You have been arguing about the redundancy of neoclassical assumptions for Ricardo's comparative advantage and by dropping of assumptions you wish to give a simpler superiority to Ricardo. Does it mean Ricardo's theory attract less
criticism and more reality?
Dear Jorge, starting, as most of the economic analysis does, from AXIOMATIC postulates or starting from explicit assumptions is quite similar in terms of analytical utility; it is something like the derivation of what one intends to derive with a logical rigour.
Does your reading of AXIOMATIC comparative advantage gives, other than simplicity, any more validity to the model? How?
I am sorry for differing with you.
With regards
Israr
Dear Jorge,
My take with comparative advantage is essentially empirical. Ricardo's basic idea of comparative advantage fits well the general empirical observation that over the long run open trade policies have characterized rich countries. That Sweden (Heckscher and Ohlin's homeland) that used not long ago to be poorer than Argentina, became richer both because it practiced open trade and because starting around 1930 Argentina closed its economy. Such an experience can be synthetically formalized in a two good model along the HOS of comparative advantage. This theory whose assumptions have been criticized ad nauseum still fit the acid test of time: if it consistently helps to understand our real world economy then the simplicity is welcome although its assumptions do not always come close to reality.

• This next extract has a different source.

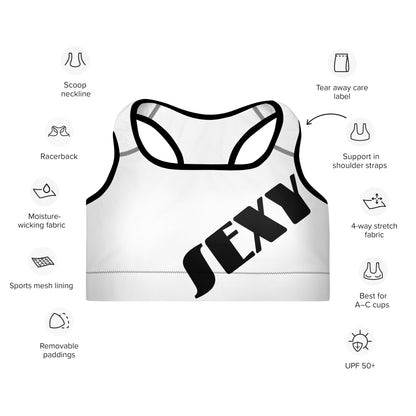 Padded Sports Bra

All of us have some comparative advantage and this helps to understand why it is dangerous to use the theory for targetting policies. How could anyone have predicted that Denmark would have comparative advantage in Lego? In our modern world economy the beauty of the theory of comparative advantage lies in its underlying policy message: open trade policies are a crucial recipe of what can be considered good policy advice to politicians who at least here in the developing world are constantly being taken by protectionist interest groups.
Many thanks for contributing to this never ending discussion.
Regards,
Julio
Dear Jorge,
I concur with Israr regarding your analysis of Ricardo's ideas and of the development's from them in the inter-war years. I found it very interesting, easily understood and illuminating at many levels.
Israr has made the observation that the neoclassical restatement in Ricardo's name of classical trade theory served the purpose of providing a key part of the process of validating the rationale for the economic institutions and self-interested goals of the developing foreign and trade policies of the developed nations. This was at a time when these nations were developing an awareness of their critical dependence upon maintaining favourable 'terms of trade' between themselves and those less developed regions that increasingly provided critical inputs to their economies and which also represented valuable potential markets for their manufactures. Ricardo's work served an almost completely analogous purpose in the context of validating the actions of the dominant nations of his own Mercantilist times, as Great Britain began its main period of imperial expansion.
The neoclassical restatement occurred in the context of the start of a debate which culminated in the process which saw a 'global' abandonment of the 'gold standard' by those same rationally, self-interested nations. One can see this event as being a logical extension, an inevitable corollary, of the neoclassical restatement. Why is this?
Gold, amongst its many physical traits that make it suitable as a monetary substance is one which links it directly to Ricardo's labour theory of value. Gold is acceptable in a monetary role everywhere in the world. Within any economic region, throughout history, every person had some idea of the locally accepted value in gold of one year of work in any of the roles that they might fulfil - as producer, employee, government servant and so on. Broadly speaking these regional values had equivalence from one region to another in terms of the components of customary ideas of well-being in each area. Paper money, so long as it is backed by gold equivalent in value to its face value, serves the same purpose as gold.
Thus a monetary institution that is global in scope and based on a broadly common valuation of labour-time creates prices which cannot vary far relative to one another. This occurs because these prices must of necessity closely reflect the time-value comparative-advantage existing between different regions with regard to competing and substitutable products.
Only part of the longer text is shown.